The right triangle in the diagram shows us that $\sin(\theta) = 3/5$ and $\cos(\theta)=4/5\text{,}$ so $\tan(\theta/2) = 1/3\text{.}$ This means that any point $re^{i\theta/2}$ lives on the line through the origin having slope 1/3, and can be described by $k(3+i)$ for some scalar $k\text{.}$ Since $\sqrt{8+6i}$ has this form, it follows that $\sqrt{8+6i} = k(3+i)$ for some $k\text{.}$ Since $|\sqrt{8+6i}| = \sqrt{10}\text{,}$ it follows that $|k(3+i)| = \sqrt{10}\text{,}$ so $k = \pm 1\text{.}$ In other words, $\sqrt{8+6i} = \pm (3+i)\text{.}$

Now let's return to the solution of the original quadratic equation in this example:

\begin{align*} z \amp = \frac{3+3i\pm \sqrt{8+6i}}{2}\\ z \amp = \frac{3+3i\pm (3+i)}{2}\text{.} \end{align*}

Thus, $z = 3+2i$ or $z = i\text{.}$

###### Example2.4.5.Circle equations.

If we let $z = x + yi$ and $z_0 = h + ki\text{,}$ then the complex equation

\begin{gather*} |z - z_0| = r \tag{equation of a circle} \end{gather*}

describes the circle in the plane centered at $z_0$ with radius $r> 0\text{.}$

To see this, note that

\begin{align*} |z - z_0| \amp = |(x-h)+(y-k)i|\\ \amp =\sqrt{(x-h)^2 + (y-k)^2}\text{.} \end{align*}

So $|z - z_0| = r$ is equivalent to the equation $(x-h)^2 + (y-k)^2 = r^2$ of the circle centered at $z_0$ with radius $r\text{.}$

For instance, $|z - 3-2i| = 3$ describes the set of all points that are 3 units away from $3+2i\text{.}$ All such $z$ form a circle of radius 3 in the plane, centered at the point $(3,2)\text{.}$

###### Example2.4.6.Complex expressions as regions.

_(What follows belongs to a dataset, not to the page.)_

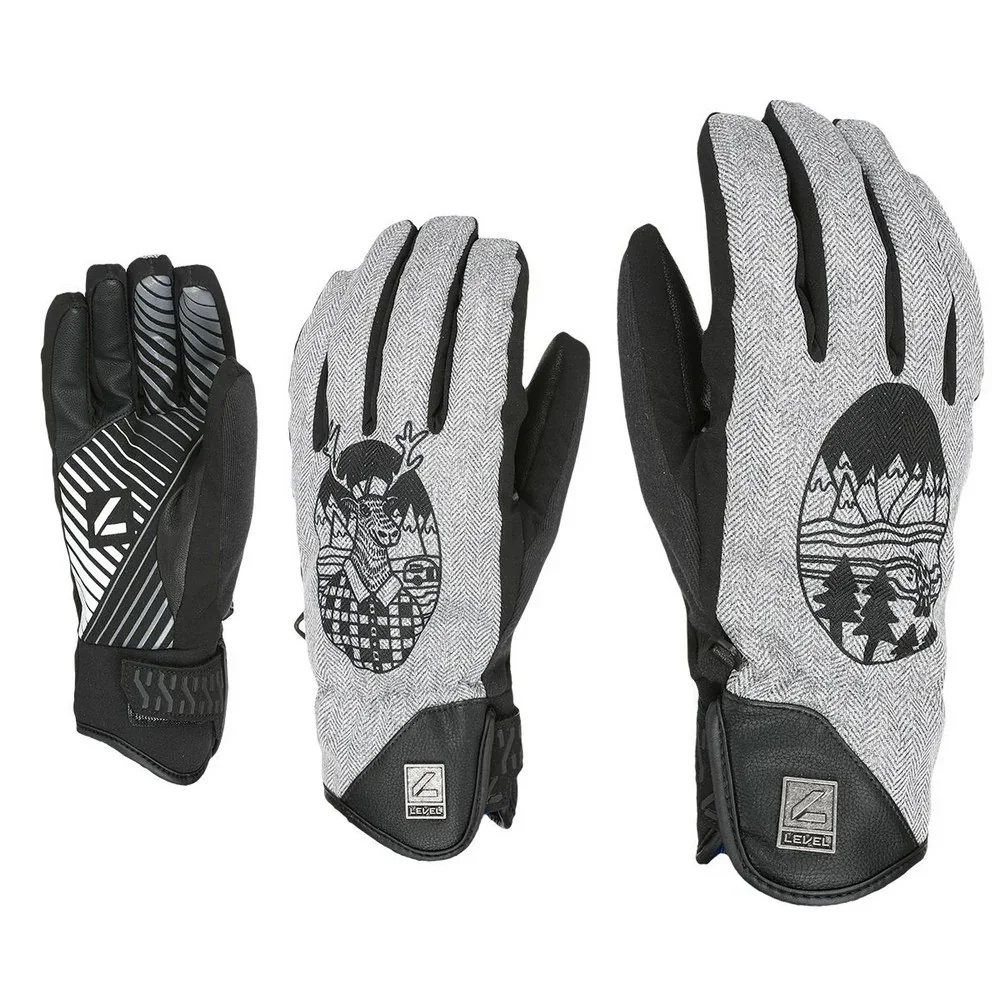 Gants Level Suburban (hommes) - Image 4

Describe each complex expression below as a region in the plane.

1. $|1/z| \gt 2\text{.}$

Taking the reciprocal of both sides, we have $|z| \lt 1/2\text{,}$ which is the interior of the circle centered at 0 with radius $1/2\text{.}$

2. Im$(z)\lt$ Re$(z)\text{.}$

Set $z = x + yi$ in which case the inequality becomes $y \lt x\text{.}$ This inequality describes all points in the plane under the line $y = x\text{,}$ as pictured below.

3. Im$(z) = |z|\text{.}$

Setting $z = x + yi\text{,}$ this equation is equivalent to $y = \sqrt{y^2 + x^2}\text{.}$ Squaring both sides we obtain $0 = x^2\text{,}$ so that $x = 0\text{.}$ It follows that $y = \sqrt{y^2} = |y|$ so the equation describes the points $(0,y)$ with $y \geq 0\text{.}$ These points determine a ray on the positive imaginary axis.

Moving forward, lines and circles will be especially important objects for us, so we end the section with a summary of their descriptions in the complex plane.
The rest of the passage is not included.